Charlie cittadino Usa: messaggio importante

Martedì, negli Stati Uniti, è arrivato il via libera da una commissione della Camera per concedere la residenza permanente a Charlie Gard e ai suoi genitori Chris e Connie, nella speranza che questa mossa sia il preludio a un eventuale trasferimento per provare il trattamento sperimentale. La proposta è passata all’unanimità, con la votazione di un emendamento presentato dalla repubblicana Jaime Herrera Beutler nell’ambito di un progetto di legge più vasto su immigrazione e sicurezza nazionale. Si tratta perciò solo di un passaggio preliminare, che per diventare effettivo necessiterà dell’approvazione sia dell’aula della Camera che del Senato. Se il progetto di legge contenente l’emendamento della Beutler dovesse passare, Charlie e i suoi genitori potranno acquisire appunto lo status di residenti permanenti e ottenere perciò la cosiddetta green card, che è rinnovabile dopo dieci anni e dà il diritto di risiedere e lavorare negli Usa (con qualche limitazione, legata a ragioni di sicurezza, per alcuni tipi di lavoro).

Non è stata quindi concessa la cittadinanza, come alcuni giornali hanno erroneamente riportato, perché prima bisogna ottenere la green card e poi devono passare almeno cinque anni affinché uno straniero, che vive in modo permanente negli Stati Uniti, possa fare richiesta per diventare cittadino americano. E, giova ripeterlo, siamo ancora nella fase precedente all’approvazione da parte dei due rami del Congresso, mentre parte della stampa britannica e – a ruota – quella italiana aveva creduto che la proposta favorevole alla famiglia Gard fosse già legge, probabilmente perché tratta in inganno da un tweet del repubblicano Jeff Fortenberry in cui non si specificava il passaggio in commissione.

Detto questo, dagli Usa è arrivato un segnale politico importante e va detto che l’emendamento della Beutler non è stato l’unico atto a difesa di Charlie, visto che nei giorni scorsi altri membri del partito repubblicano hanno presentato progetti di legge indipendenti con lo stesso fine, oltre a una risoluzione con cui si incoraggiano i tribunali del Regno Unito a rispettare la libertà di cura del piccolo di undici mesi. Chiaramente, per quanto da mesi si stia commettendo un’enorme ingiustizia nei confronti di Charlie e dei suoi genitori, la concessione della green card in sé non sbloccherebbe la situazione, poiché per liberare il bambino dal Great Ormond Street Hospital e consentirgli di provare il trattamento sperimentale negli Stati Uniti o altrove rimane decisivo il ruolo delle corti britanniche. Così ha spiegato il giudice Nicholas Francis nell’udienza di venerdì 14, chiarendo che avrebbe accolto con favore ogni accordo tra le parti ma rivendicando che per il trasferimento di Charlie serve una sua autorizzazione. Al di là delle differenti interpretazioni legali, è ovvio che il benestare al trasferimento potrebbe arrivare molto più facilmente se il Gosh abbandonasse la sua richiesta oltranzista di staccare il supporto vitale, che ha di fatto avviato la battaglia giudiziaria contro i genitori.
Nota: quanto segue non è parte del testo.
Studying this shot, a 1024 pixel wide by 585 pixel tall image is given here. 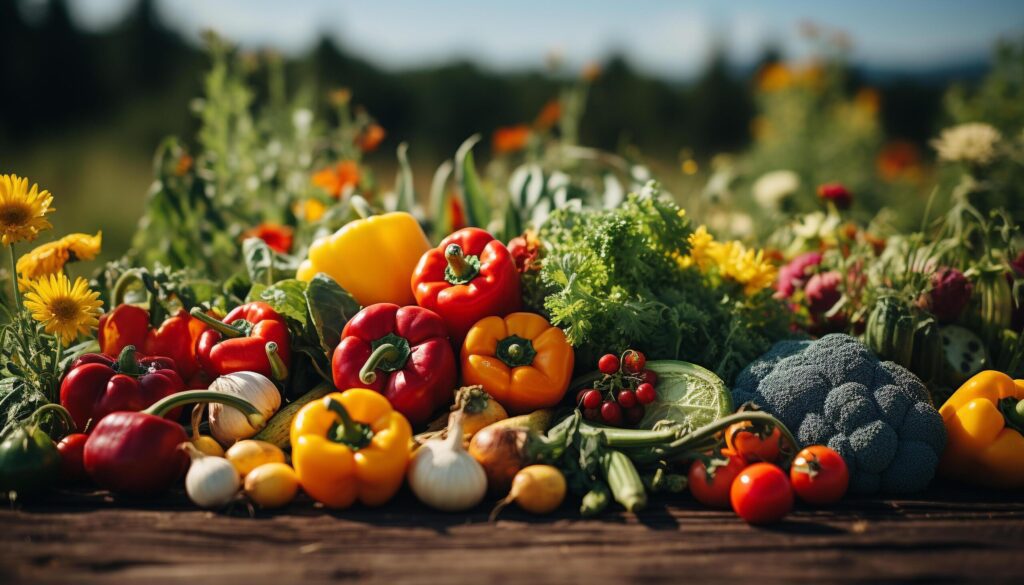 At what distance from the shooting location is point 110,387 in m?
2.73

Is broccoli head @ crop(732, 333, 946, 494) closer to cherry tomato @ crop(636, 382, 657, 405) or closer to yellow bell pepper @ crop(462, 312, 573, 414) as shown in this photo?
cherry tomato @ crop(636, 382, 657, 405)

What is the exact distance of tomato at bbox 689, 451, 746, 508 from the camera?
250 centimetres

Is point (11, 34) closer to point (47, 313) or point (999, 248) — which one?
point (47, 313)

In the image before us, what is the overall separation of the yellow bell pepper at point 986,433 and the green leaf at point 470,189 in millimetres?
2330

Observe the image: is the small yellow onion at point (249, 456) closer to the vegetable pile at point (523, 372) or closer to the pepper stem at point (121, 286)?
the vegetable pile at point (523, 372)

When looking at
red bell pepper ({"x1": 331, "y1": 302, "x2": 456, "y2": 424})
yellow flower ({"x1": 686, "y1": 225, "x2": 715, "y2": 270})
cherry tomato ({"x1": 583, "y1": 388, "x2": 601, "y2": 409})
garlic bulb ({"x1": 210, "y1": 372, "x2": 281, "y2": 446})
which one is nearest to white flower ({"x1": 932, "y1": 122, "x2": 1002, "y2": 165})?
yellow flower ({"x1": 686, "y1": 225, "x2": 715, "y2": 270})

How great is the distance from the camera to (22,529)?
90.0 inches

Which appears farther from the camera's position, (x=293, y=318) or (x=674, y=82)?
(x=674, y=82)

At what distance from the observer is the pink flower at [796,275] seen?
379cm

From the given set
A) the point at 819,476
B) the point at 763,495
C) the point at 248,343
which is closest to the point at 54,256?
the point at 248,343

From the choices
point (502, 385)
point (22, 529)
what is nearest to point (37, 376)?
point (22, 529)

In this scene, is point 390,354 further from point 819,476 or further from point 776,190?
point 776,190

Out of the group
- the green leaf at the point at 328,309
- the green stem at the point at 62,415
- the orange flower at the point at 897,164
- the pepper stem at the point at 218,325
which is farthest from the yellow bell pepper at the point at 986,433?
the orange flower at the point at 897,164

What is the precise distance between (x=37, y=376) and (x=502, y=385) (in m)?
1.70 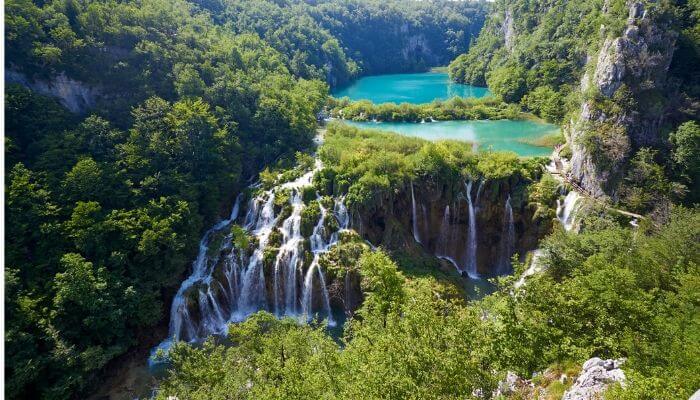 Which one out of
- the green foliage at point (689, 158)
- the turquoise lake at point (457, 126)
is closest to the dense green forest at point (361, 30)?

Il segnale proveniente dagli Stati Uniti, che fa seguito all’offerta del dottor Michio Hirano di curare Charlie e alla stessa disponibilità del presidente Trump a fare il possibile per aiutarlo, serve comunque a mantenere alta l’attenzione sulla vicenda e potrebbe facilitare un accordo in direzione del suo vero miglior interesse, ossia vivere. Come ha spiegato la Beutler, l’emendamento “è per mandare un messaggio. Se il Regno Unito dovesse decidere di liberare questo bambino, noi lo accoglieremmo a braccia aperte. Questo emendamento velocizzerebbe il processo, darebbe un taglio alla burocrazia, e faciliterebbe Charlie a ricevere il trattamento sperimentale negli Usa che i suoi genitori e gli specialisti credono valga la pena provare”.

Nel frattempo, il Daily Mail ha rivelato che l’incontro con l’esperto del Bambin Gesù e Hirano non ha convinto i dottori del Gosh a cambiare idea. Connie e Chris hanno diffuso una foto, scattata venerdì, in cui Charlie sembra guardare verso un giocattolo, un fatto che secondo i genitori smentirebbe quanto sostenuto fin qui dai medici sulla cecità del bambino e che è uno degli assunti, assieme al danno cerebrale e alla presunta sordità, su cui si basa la richiesta di staccare la spina. Anche se così fosse, non sarebbe certo una giustificazione valida per porre fine a una vita umana. Insomma, la battaglia di Charlie continua.